By Joe Schulz
Courtesy of StickyMinds

crazy_appsAs any software developer or tester knows, it’s impossible to identify every user issue in a controlled test environment. For mobile apps especially, there are a near-limitless number of permutations― combinations of devices, firmware, operating systems, and networks. As a result, it simply isn’t feasible to test every possible scenario. It’s also impossible for lab testers who are already familiar with an app’s anticipated behavior to experience it from the perspective of a neophyte.

To help resolve this problem, I can attest that one of the most effective ways is through crowdsourced testing. Crowdsourced testing, also called crowd testing, has been around for many years. Now, though, the power of databases and analytics makes it possible for vendors to create highly targeted pools of up to thousands testers who meet specific criteria. It also allows building and maintaining accurate profiles and ratings on these testers over time.

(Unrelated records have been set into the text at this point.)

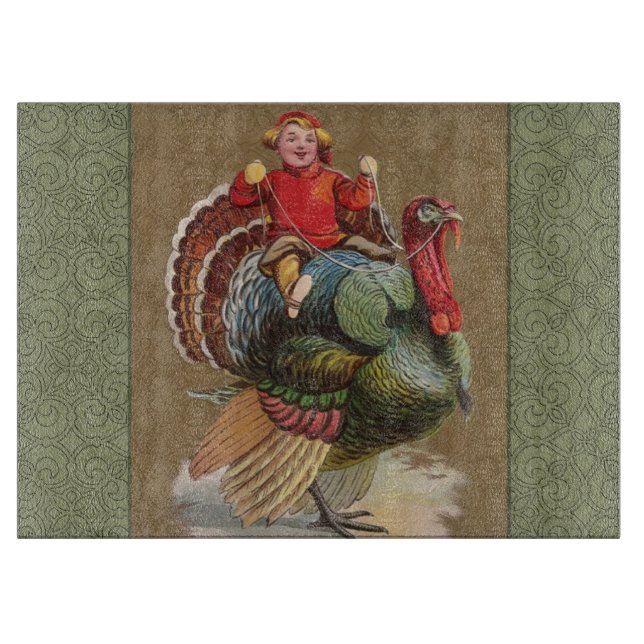 Planche À Découper Thanksgiving Turquie Drôle salutations Vintages (Devant)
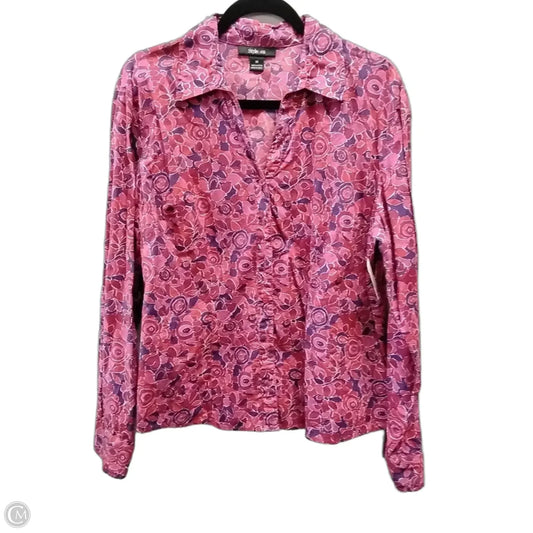 Top Long Sleeve By Style And Company In Floral Print, Size: 14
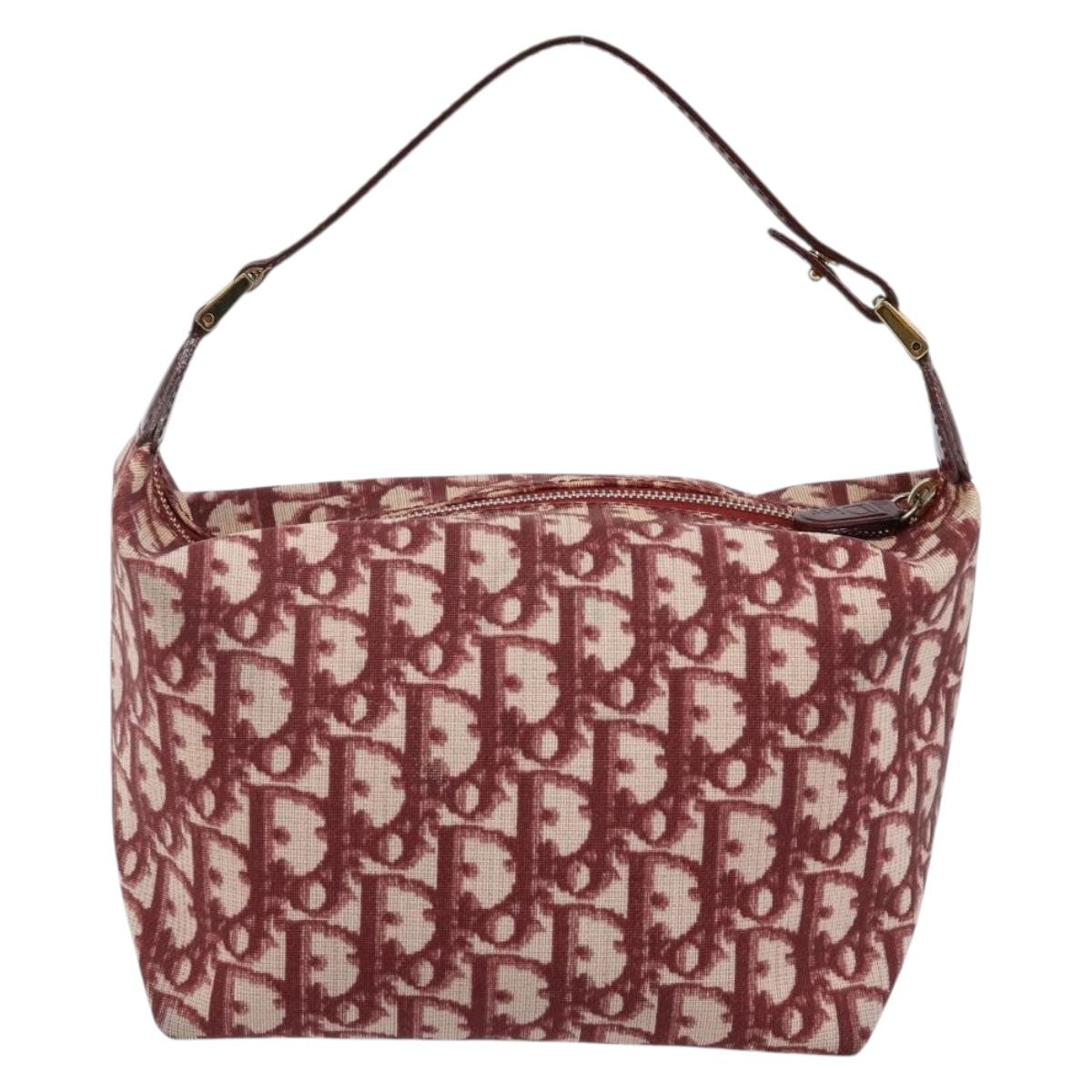 Christian Dior Trotter Canvas Hand Bag PVC Red Gold Auth 144281V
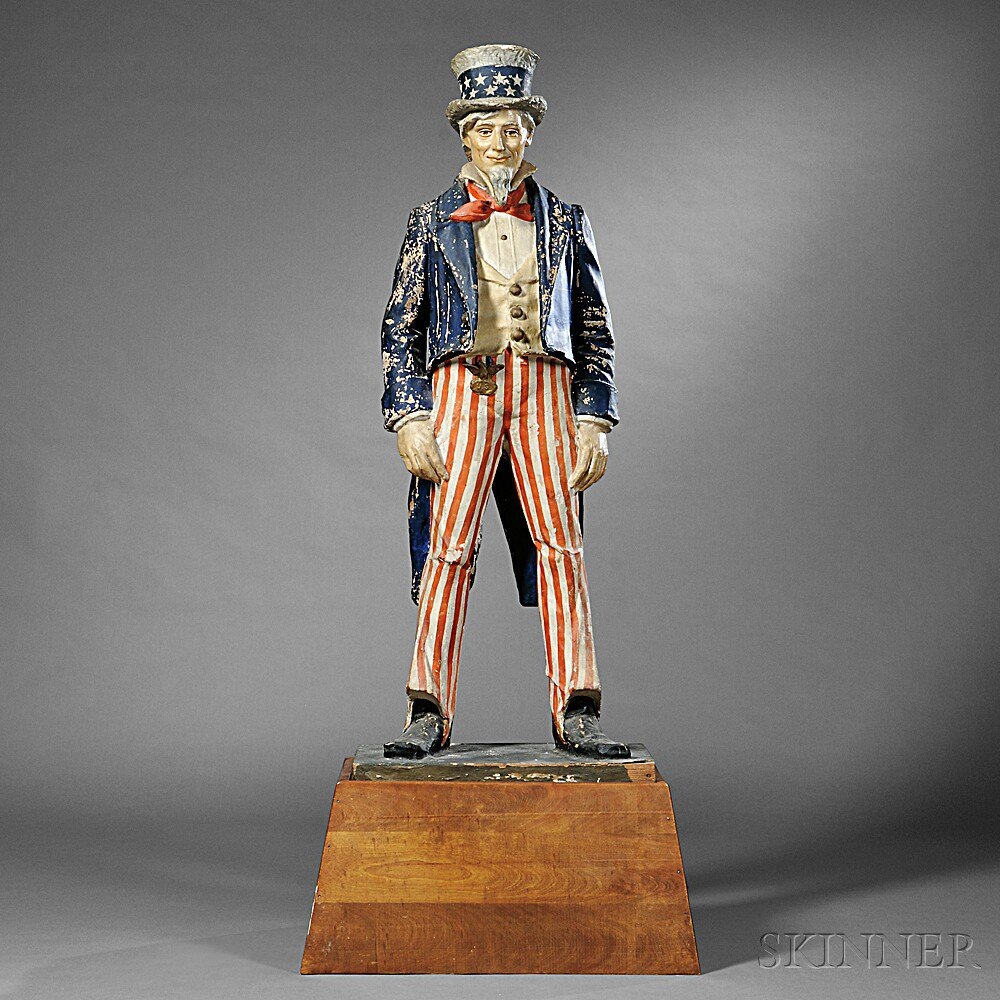 Polychrome Papier mache Uncle Sam Figure America early 20th century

In such a scenario, crowd testers are neither random nor unpredictable. Because crowd testers are usually paid or remunerated in some fashion, and because their future work hinges on producing accurate results, they have a vested interest in performing the tests or demonstrations expediently and correctly. (Testers usually report the majority of defects within the first few hours of the test.) This approach gives enterprises that engage in crowdsourced testing greater confidence in the reliability of the outcomes.

Working with the Crowd

In my experience, a crowdsourced testing project essentially follows this process: A crowdsourced testing vendor works with a client (the app developer) to define target criteria (demographic, psychographic, geographic, etc.) for the crowd based on the type of input the client wants. The client and vendor also determine whether seasoned testers or neophyte users (or a combination) will be the most effective. Reputable, experienced testers often provide the most reliable results the fastest, but “newbies” are the best candidates for user-experience tests—they notice complicated or confusing features that an experienced user would intuitively figure out and never notice as a defect.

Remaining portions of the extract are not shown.